I considered not reprinting the PC$!/HP material from the Eternity days when we started the trade collections, but I felt weird starting the reprints with a second volume, and hiding the material. Sure, it's inferior to what came later, but I dunno....maybe I should have excised it. It's not a great introduction to the series -- at shows I always recommend people start with volume two and then read three and the Bummer Trilogy stand-alone comic, then go back to the first book if they liked the series enough to pick up the early, rough-looking stuff.  The early SLG stuff isn't all there, but it starts coming together and gets better.

Anyway, my friends Brian and Tony, who started up Eternity, we're planning a 20th Anniversary night out with some drinks and probably some late-night diner talk. That's pretty much where a lot of my early work came from, PC$! material, Milk and Cheese, sitting around jawboning at the offcie and then drinks or a show and a diner in Manhattan or Brooklyn.

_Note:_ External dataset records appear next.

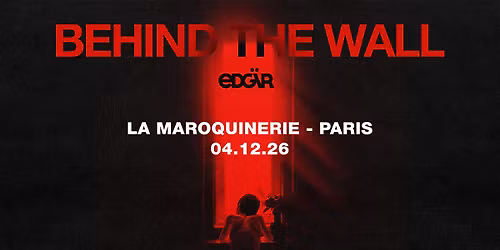 Edg\u00e4r - La Maroquinerie, Paris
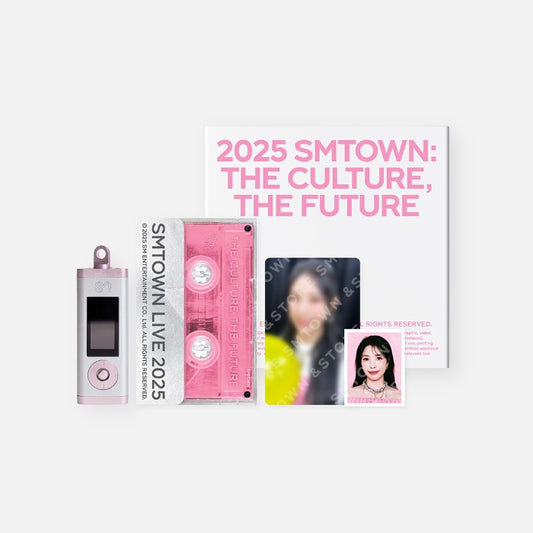 BoA [2nd SMTOWN LIVE 2025] MP3 Player Set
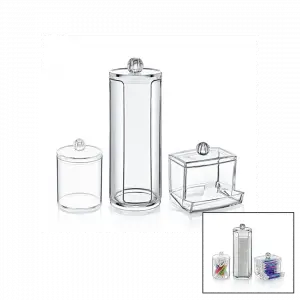 Disk 3lü Makyaj Organizer Set Bx40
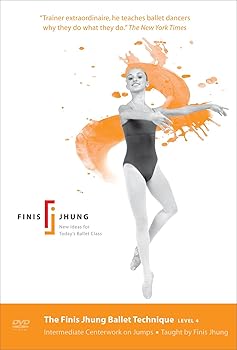 【中古】(非常に良い)The Finis Jhung Ballet Technique Level 4: Intermediate Centerwork on Jumps: Finis Jhung Ballet Tec [バレエレッスンDVD] [Import] (All Re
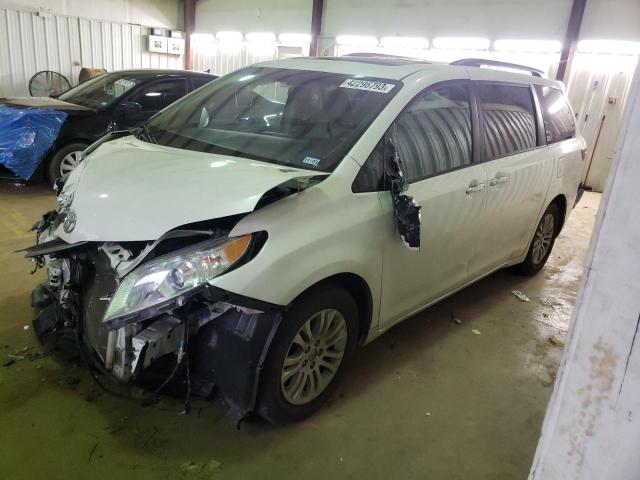 TOYOTA SIENNA XLE 2015 5tdyk3dc3fs577906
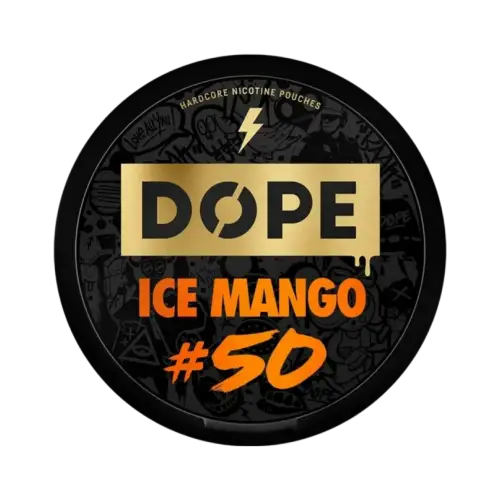 dope ice mango 50 DOPE Black ICE Mango #50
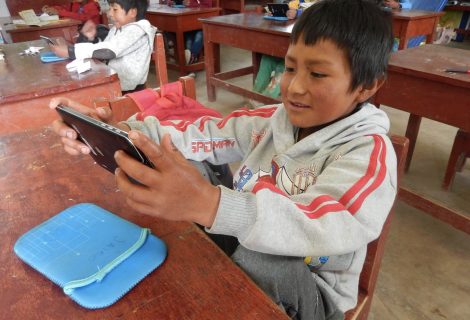 tablet peru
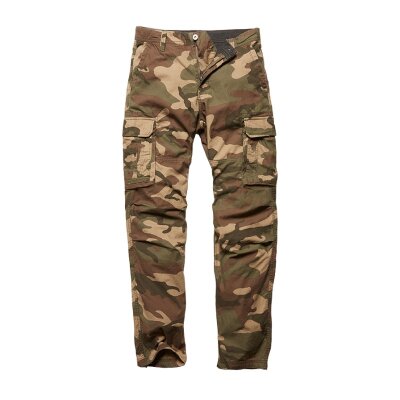 Vintage Industries - 1025 Reef - Cargopant - woodland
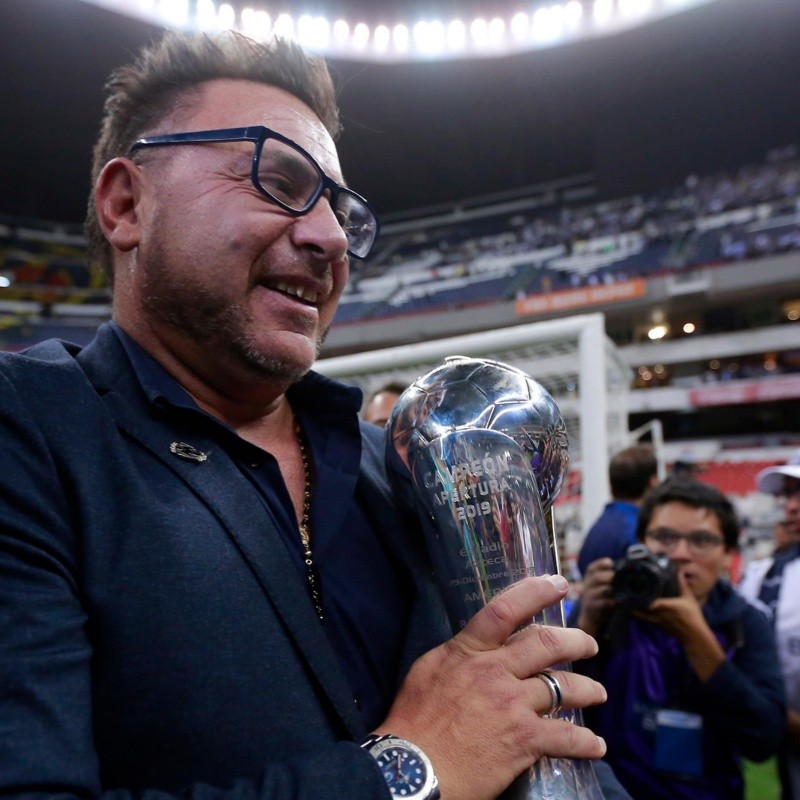 "Sentí el silencio del Azteca": Antonio Mohamed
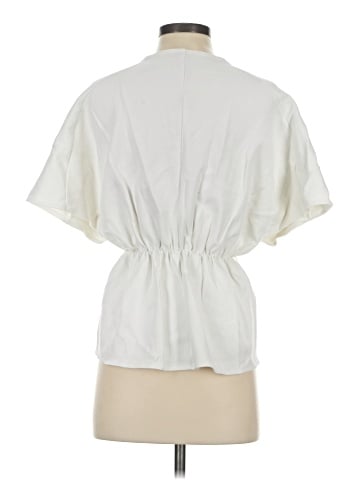 Anthropologie Short Sleeve Blouse (view 2)
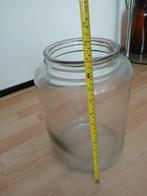 Grote vaas glas, Huis en Inrichting, Woonaccessoires | Vazen, Ophalen, Gebruikt, Overige kleuren, Glas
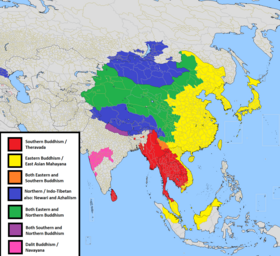 types of buddhism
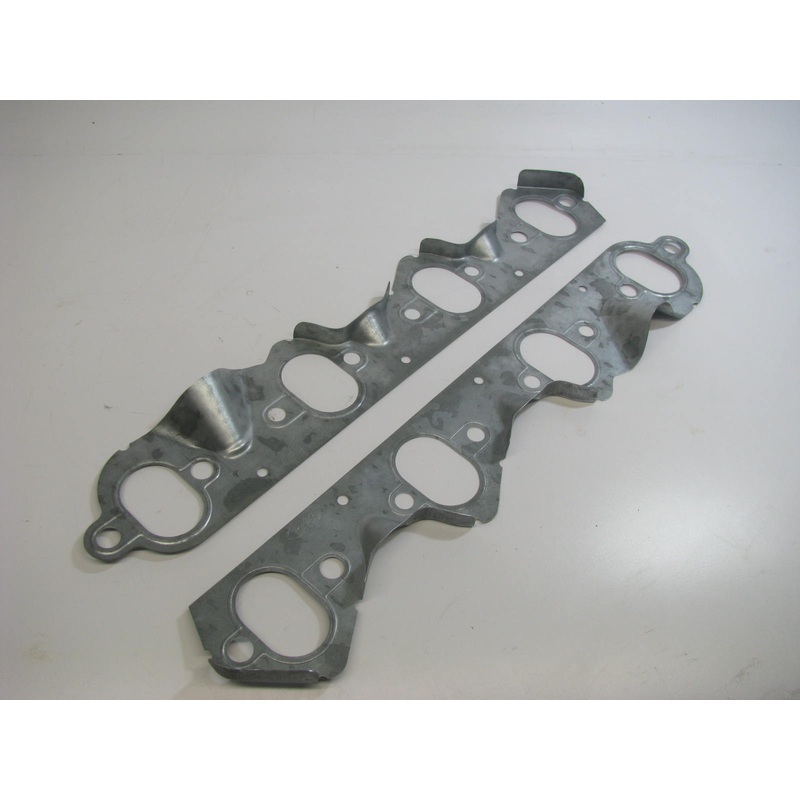 (2) NEW - OEM Ford E5HE-9A457-AD Exhaust Manifold Gaskets 1987-1996 460 V8 Truck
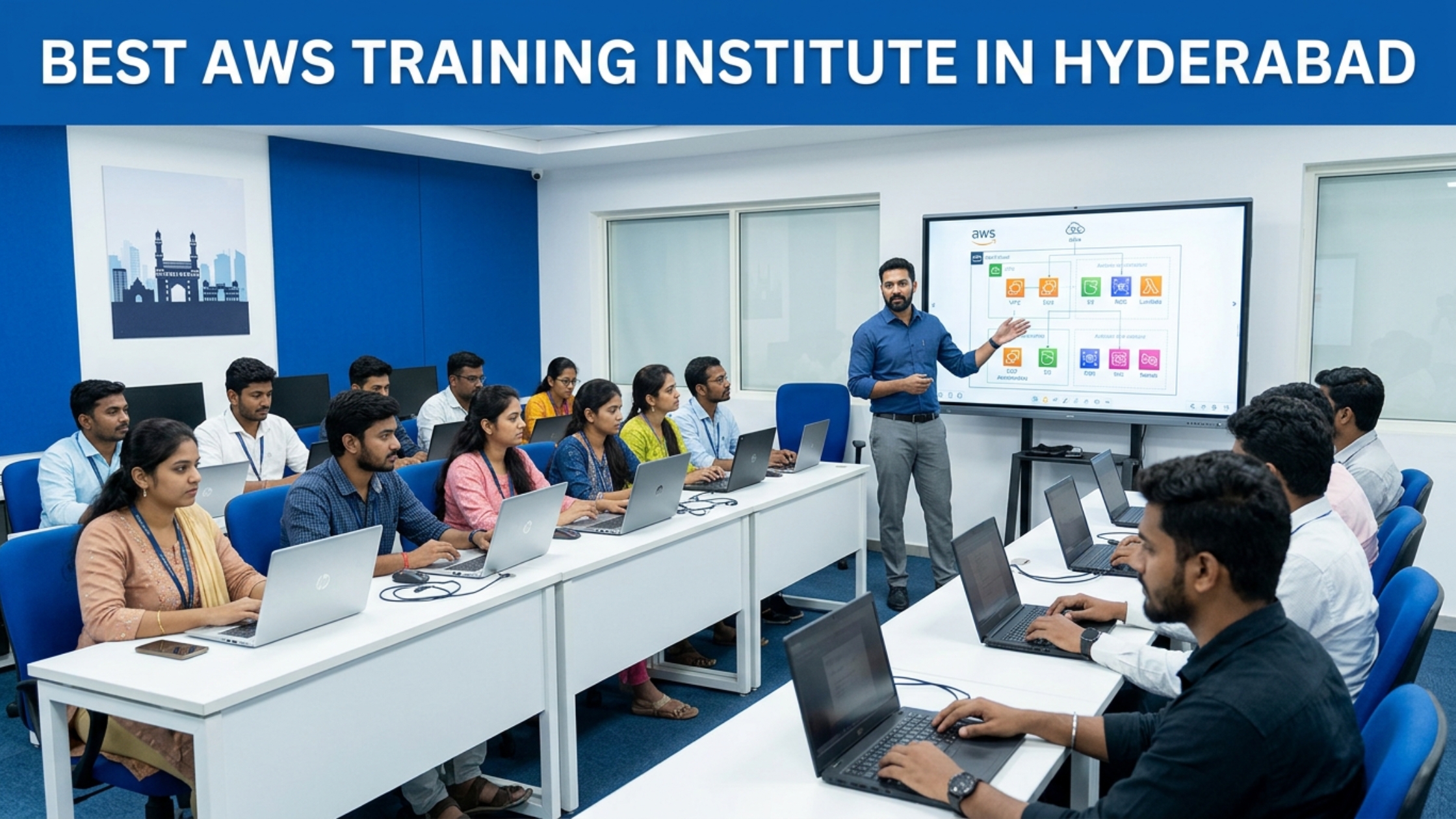 best AWS training institute in Hyderabad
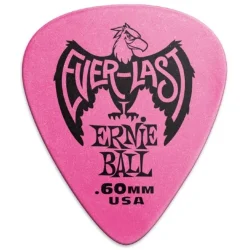 Ernie Ball EB-9179 EVERLAST 60mm -Pink,12pk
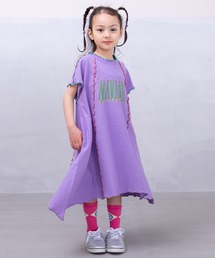 Life Support Products | フレンチスリーブメローワンピース(80～150cm)(ワンピース)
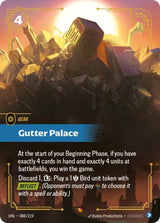 Gutter Palace - Riftbound: League of Legends TCG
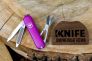 Карманный нож "Classic Tasty Grape" X55CrMo14 Cellidor 0.6223.52G от Victorinox фото 4 &mdash; Kknife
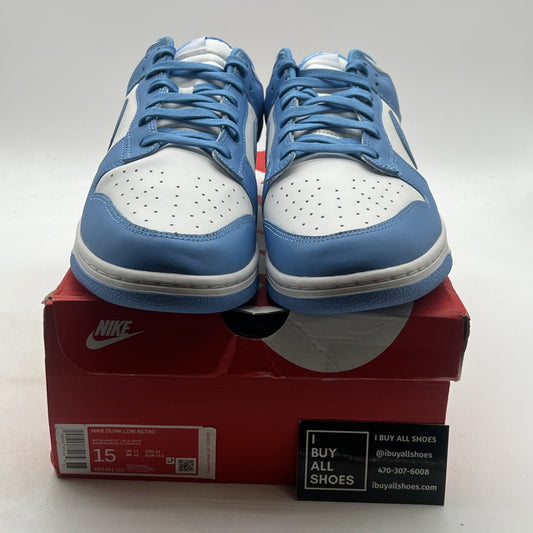 Size 15 - Nike Dunk Low University Blue (DD1391-102)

Sometimes there was the added attraction of booze.

Okay, just wanted to mark that. I never do the anniversary thing, mainly because I can't ready anything in time, partly because I don't really do anything for real things like my birthday or a project's debut. But, warts and all, messy at is, unsuccessful as it's been, I have a special place in my comic book career heart for PC$!/HP, and so there you go. If any of you have been with me since PC$#1, well, you're crazy. Buy yourself a drink, crazy person.

P.S. I plotted an issue of HP on the way up to Toronto. Forgot all about it until now. About Halby getting his tooth replaced after what happened in #6, from, hmmm, 1993 -??? Cripes. Anyway, he goes to a very large industrial building where the student dental facilities are, he'ds getting the tooth done for free. Things don't go well, the place is filled with shady, surreal businesses and a shoddy, start-up group home for mental patients, he can't find the dental clinic and I'm sure if he does they're all incompetent weirdos. Much confusion and lots of set pieces in strange offices and operating rooms and hallways and stairwells and elevators. Hmmmm. A bit like the Supermarket issue in tone? Too much like it? Dunno.

Like it's going to get written and drawn, anyway.